The four leaders and Vice President Joe Biden will gather at the White House to discuss the ongoing border crisis, wherein more than 52,000 undocumented Central American immigrants, mostly unaccompanied minors or women with young children, have crossed into the United States since October. Many are fleeing violence and instability in Central America, which has been riven by gang violence and hosts some of the world’s highest murder rates.
The meeting with presidents Otto Perez Molina of Guatemala, Juan Orlando Hernandez of Honduras, and Salvador Sanchez Ceren of El Salvador, will include a discussion of how the United States and the Central American governments are cooperating to contain the crisis, the White House said.
Vice President Biden will also meet separately with the three presidents at a lunch he will host prior to the meeting with President Obama. That lunch meeting is expected to build on conversations the vice president had previously with the Central American leaders on June 20 in Guatemala City.

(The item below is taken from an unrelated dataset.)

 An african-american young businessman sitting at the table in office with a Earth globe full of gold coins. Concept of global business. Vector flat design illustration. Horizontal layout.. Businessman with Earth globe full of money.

President Obama has asked Congress for nearly four billion dollars in emergency appropriations to cope with the surge of undocumented kids at the border – money that would go toward mounting operational costs and to speed up deportation proceedings. But House Speaker John Boehner has said it is unlikely Congress will agree on a measure to solve the ongoing humanitarian crisis before legislators leave for a month-long break in August, when funds allocated for the care of the migrant children will become depleted.
“I don’t have as much optimism as I’d like to have,” he said Thursday.